Dropping every picture, set down exactly the lines in the entries below, starting with the line with "Crossbody Bags for" and going on through the line with "Resim Creavit Loop".

[Data extracted from a collection]
═══

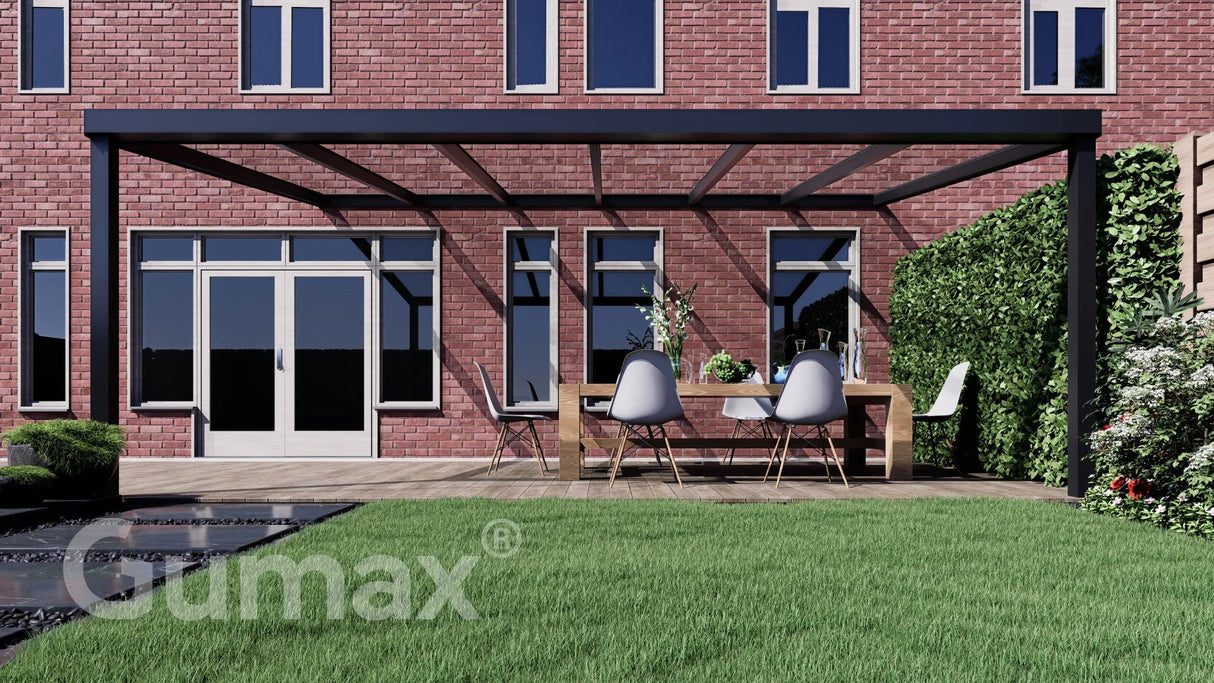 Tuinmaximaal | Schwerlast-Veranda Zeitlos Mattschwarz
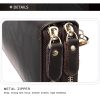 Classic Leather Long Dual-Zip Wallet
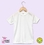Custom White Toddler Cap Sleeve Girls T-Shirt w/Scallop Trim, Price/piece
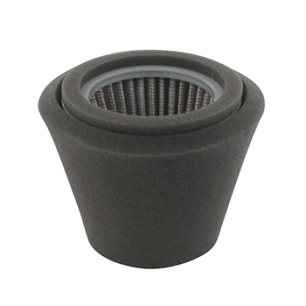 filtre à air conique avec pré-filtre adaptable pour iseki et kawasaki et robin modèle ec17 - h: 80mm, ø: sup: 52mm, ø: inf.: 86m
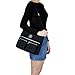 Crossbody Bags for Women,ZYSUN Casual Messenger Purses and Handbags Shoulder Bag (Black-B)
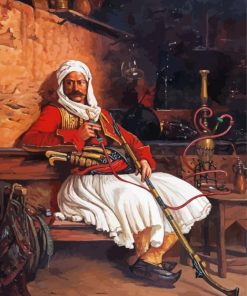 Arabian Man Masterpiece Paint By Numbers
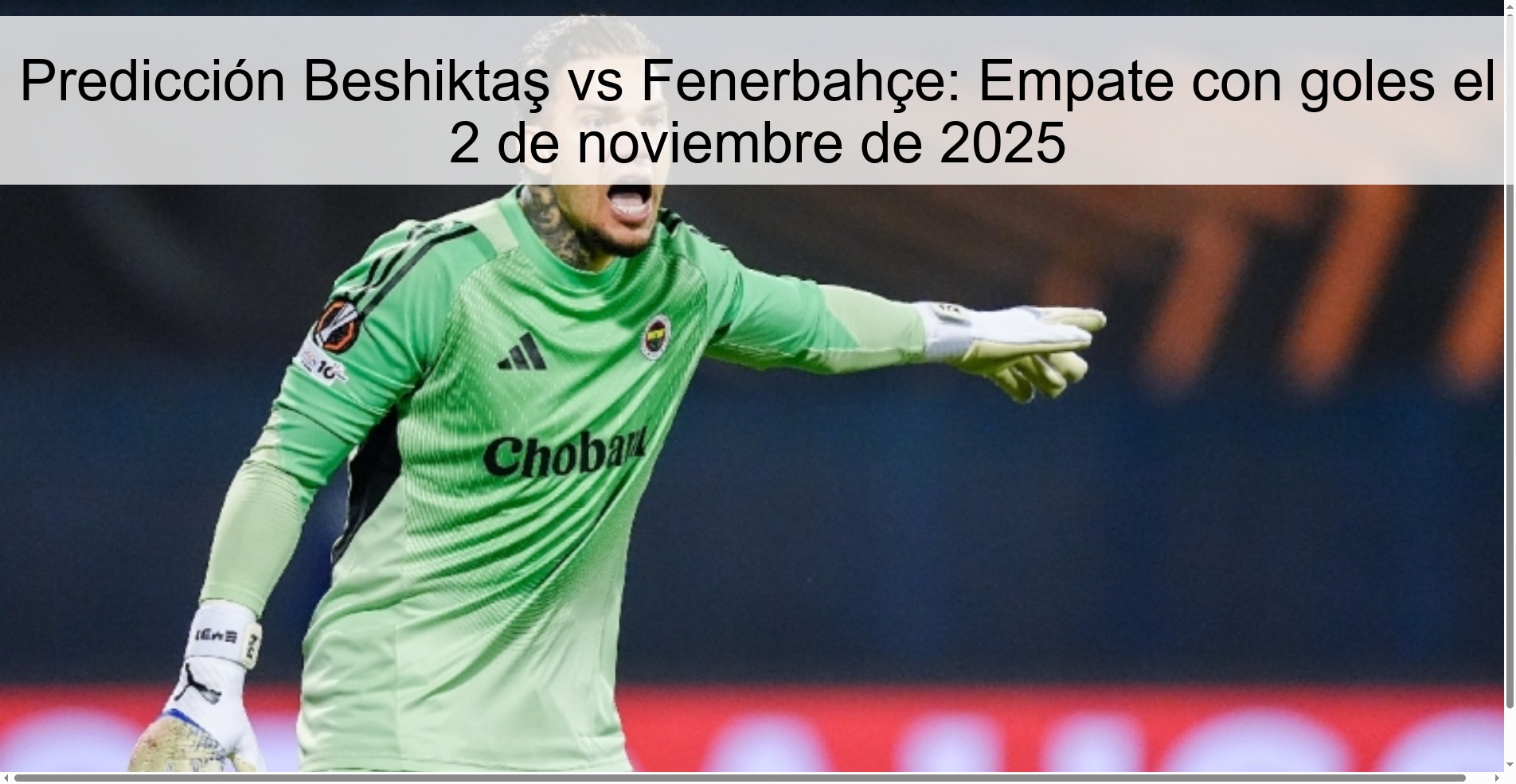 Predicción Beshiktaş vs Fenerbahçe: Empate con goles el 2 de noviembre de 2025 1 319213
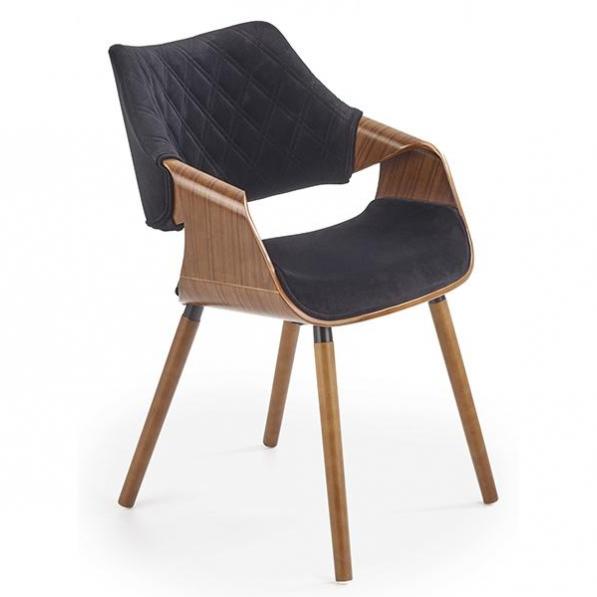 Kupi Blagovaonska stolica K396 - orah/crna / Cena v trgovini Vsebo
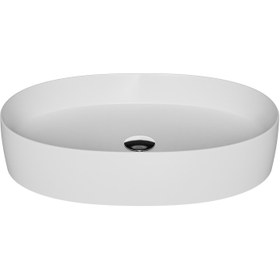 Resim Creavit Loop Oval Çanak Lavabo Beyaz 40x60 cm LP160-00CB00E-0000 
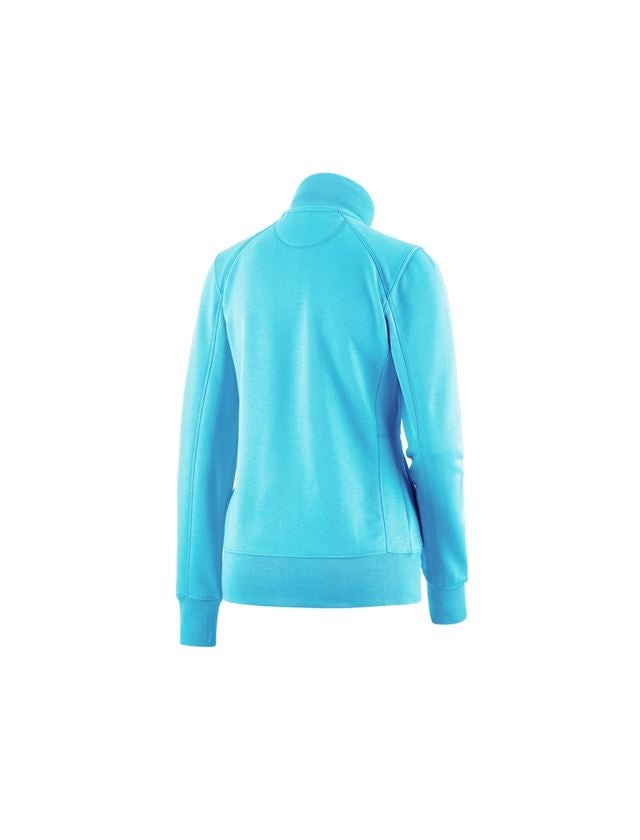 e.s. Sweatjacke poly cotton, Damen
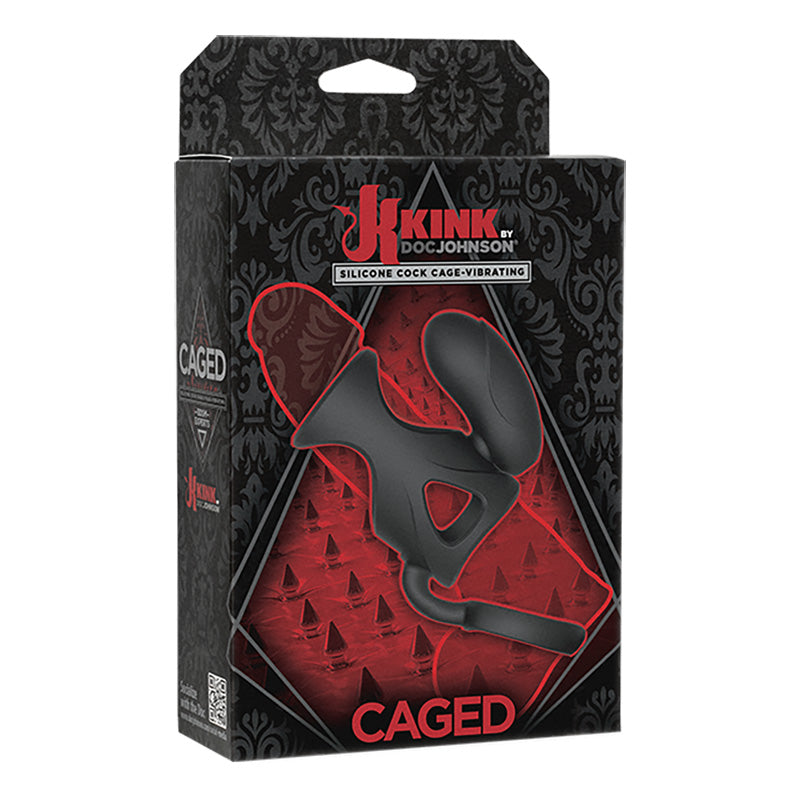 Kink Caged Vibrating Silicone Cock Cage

═══

Expected output.
 Crossbody Bags for Women,ZYSUN Casual Messenger Purses and Handbags Shoulder Bag (Black-B)
 Arabian Man Masterpiece Paint By Numbers
 Predicción Beshiktaş vs Fenerbahçe: Empate con goles el 2 de noviembre de 2025 1 319213
 Kupi Blagovaonska stolica K396 - orah/crna / Cena v trgovini Vsebo
 Resim Creavit Loop Oval Çanak Lavabo Beyaz 40x60 cm LP160-00CB00E-0000 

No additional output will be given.